Through technology transfer, Dukoral's approach spawned lower-cost oral cholera vaccines like Shanchol, which became the backbone of the World Health Organization's global cholera vaccine stockpile. The same Gothenburg mucosal immunology group that created Dukoral went on to develop ETVAX.

Why It's Relevant Today

ETVAX is a direct scientific descendant of Dukoral, built on the same University of Gothenburg platform for oral mucosal vaccination. Its development demonstrates how foundational research in one enteric disease can enable vaccines for related pathogens decades later.

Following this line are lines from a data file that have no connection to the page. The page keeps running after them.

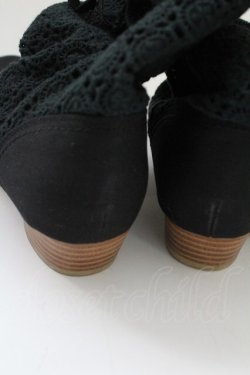 画像4: PINK HOUSE / 綿レースショートブーツ  ブラック T-25-10-29-054-LO-SH-SA-ZT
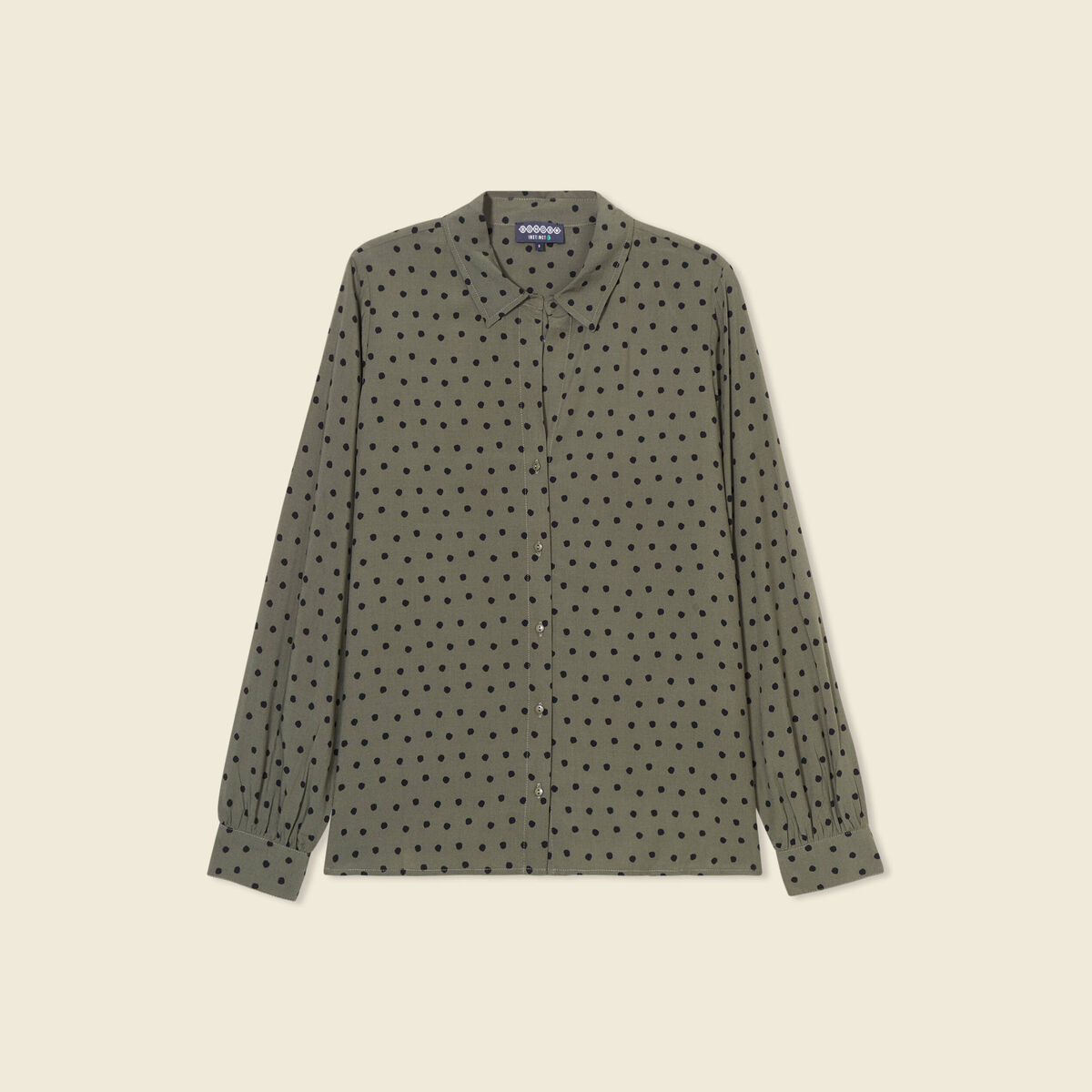 Chemise manches longues fluide vert kaki femme
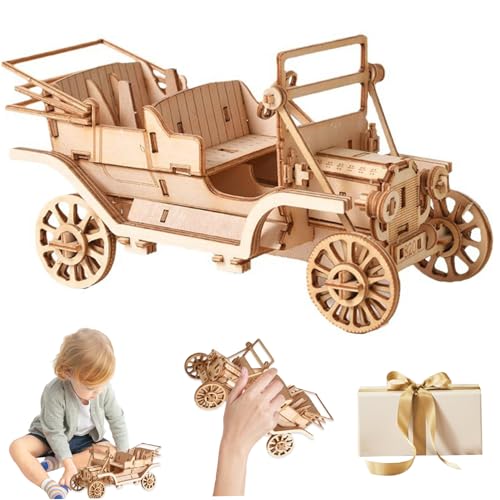 CNAFGBGG 3D -Puzzle mit klarer Anweisung 10x6.9 '' DIY Holz 3D Model Car Kits Puzzle Easy Setup 3D Holz Rätsel Bildungsgeschenk für Handwerksliebhaber und Hobbyisten. von CNAFGBGG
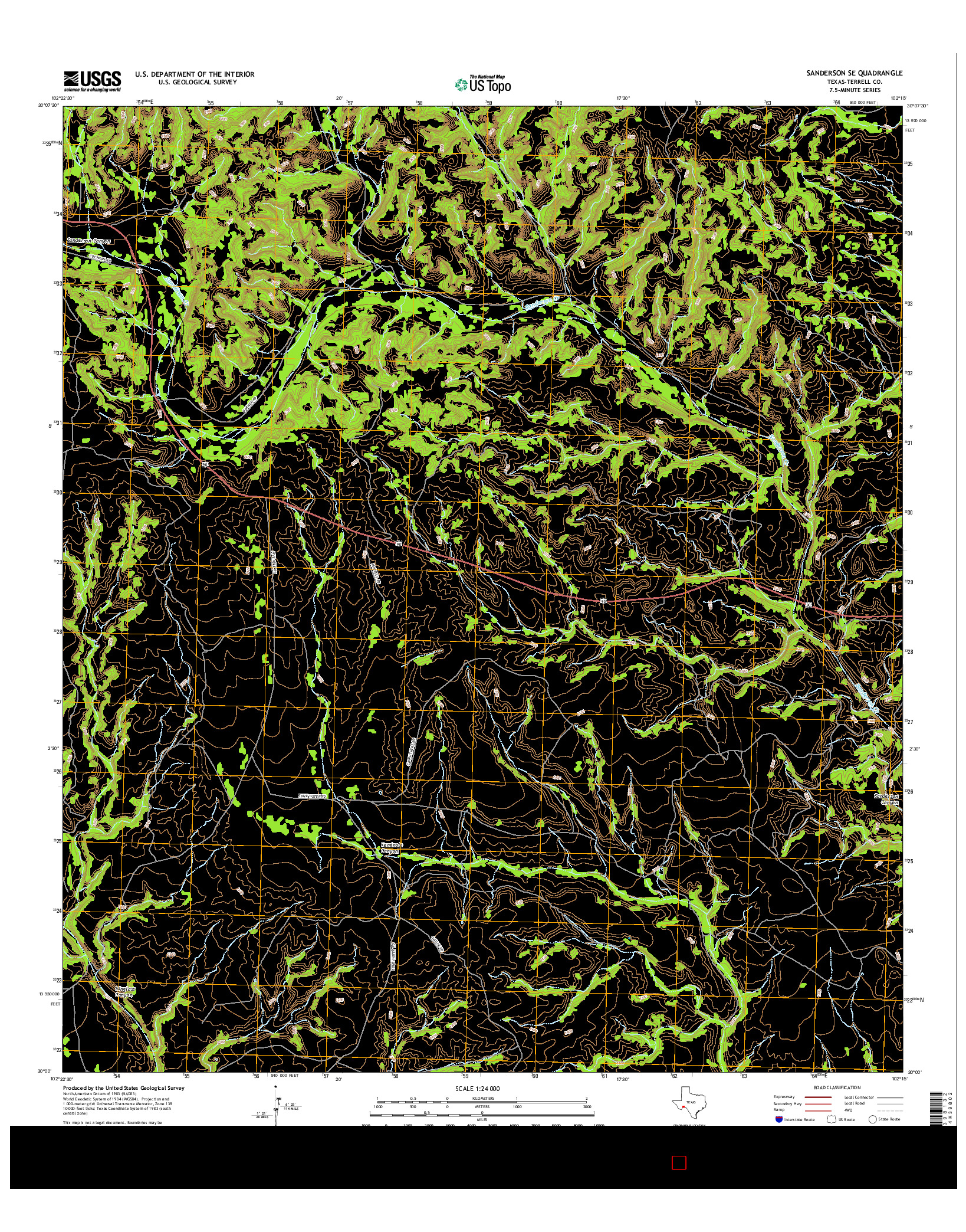 USGS US TOPO 7.5-MINUTE MAP FOR SANDERSON SE, TX 2016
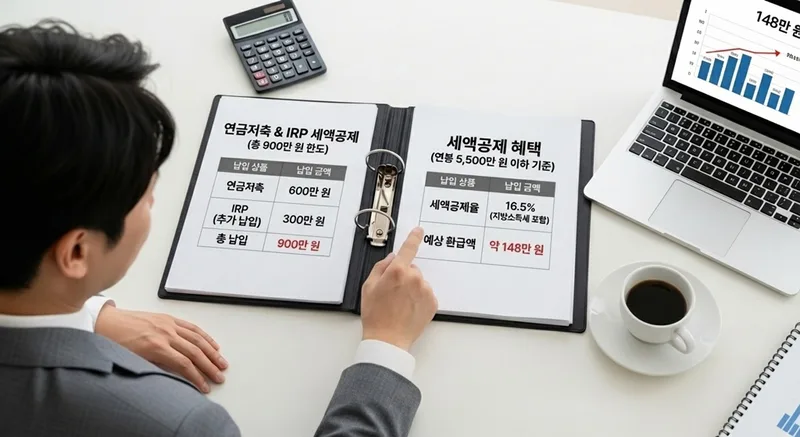 IRP와 연금저축의 차이를 표로 비교하며 세액공제 금액을 계산하는 장면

Oral polio vaccine global rollout (1960s-2020s)

1960s-present

What Happened

Albert Sabin's oral polio vaccine, licensed in the early 1960s, became the primary tool for global polio eradication. Its oral delivery made mass vaccination campaigns feasible in low-resource settings where injectable vaccines were logistically impractical.

Outcome

Short Term

Wild polio cases dropped from an estimated 350,000 annually in 1988 to fewer than 100 per year by the 2020s.

Long Term

The oral polio vaccine demonstrated that oral immunization could achieve population-level disease control in the developing world, though lower efficacy in tropical settings required more doses and supplementary campaigns.

Why It's Relevant Today

ETVAX's oral delivery strategy reflects lessons learned from oral polio vaccination: oral vaccines are far easier to deploy in low-resource settings, but their performance in tropical, high-pathogen environments is consistently lower than in temperate climates, a challenge ETVAX must also overcome.